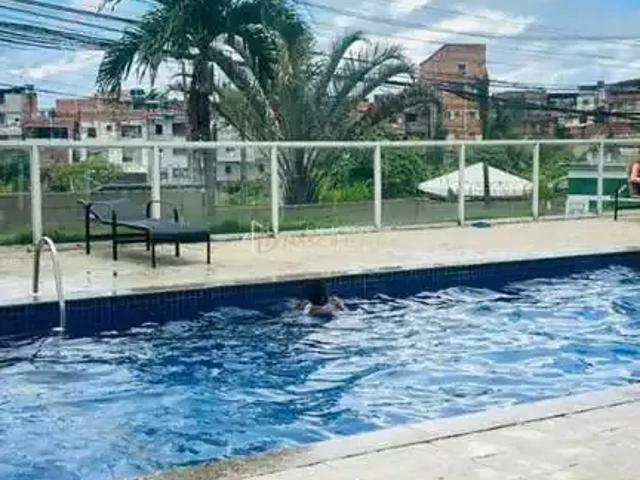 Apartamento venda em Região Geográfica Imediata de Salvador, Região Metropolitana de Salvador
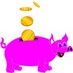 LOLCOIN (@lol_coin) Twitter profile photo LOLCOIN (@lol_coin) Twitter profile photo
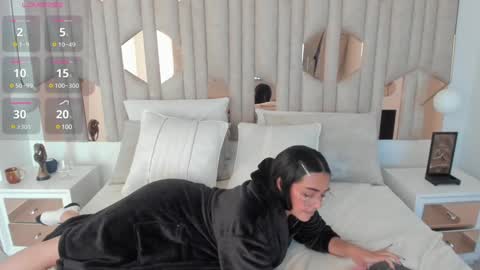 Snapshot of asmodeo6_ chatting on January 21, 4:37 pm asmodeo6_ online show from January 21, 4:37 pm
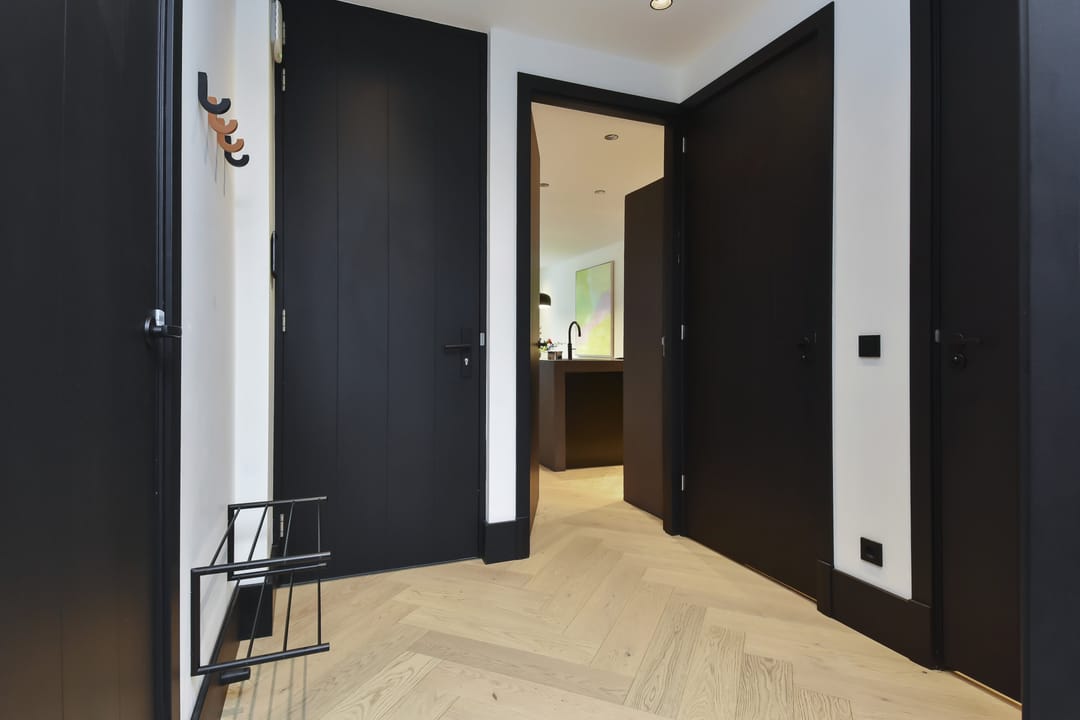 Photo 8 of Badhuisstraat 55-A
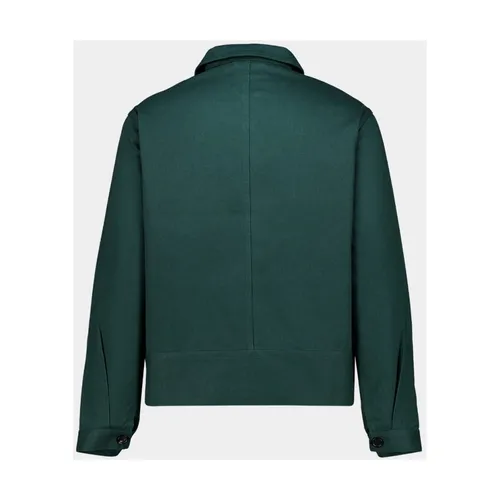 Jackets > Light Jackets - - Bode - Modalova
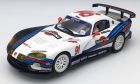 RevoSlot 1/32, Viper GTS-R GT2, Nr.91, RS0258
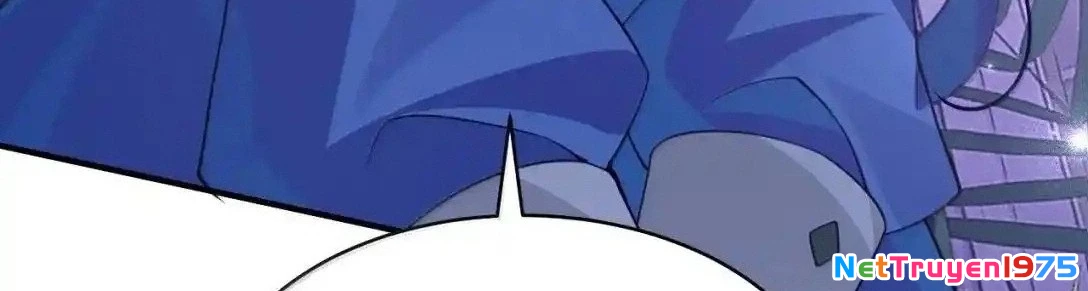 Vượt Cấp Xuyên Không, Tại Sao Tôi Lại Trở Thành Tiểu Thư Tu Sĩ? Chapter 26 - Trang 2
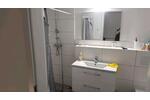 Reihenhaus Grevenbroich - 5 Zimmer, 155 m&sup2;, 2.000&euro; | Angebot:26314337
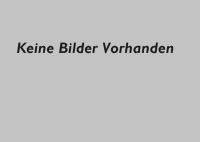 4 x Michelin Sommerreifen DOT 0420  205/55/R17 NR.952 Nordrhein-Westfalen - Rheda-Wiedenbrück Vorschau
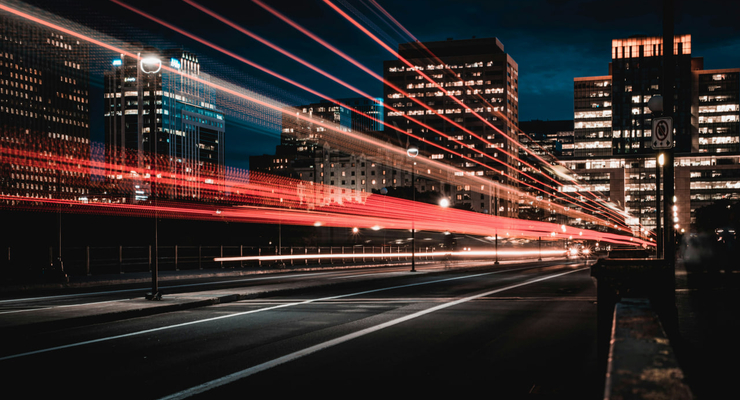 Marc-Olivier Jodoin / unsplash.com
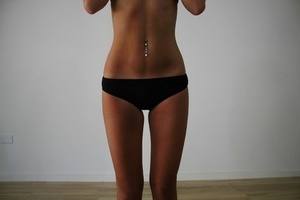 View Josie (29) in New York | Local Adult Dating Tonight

ASSIGNMENT =>
Leaving all pictures aside, print exactly the lines from the one that contains "Marc-Olivier Jodoin / unsplash.com" through the last line of the data above, inclusive.

RESULT OF THE EXERCISE =>
 Marc-Olivier Jodoin / unsplash.com
 View Josie (29) in New York | Local Adult Dating Tonight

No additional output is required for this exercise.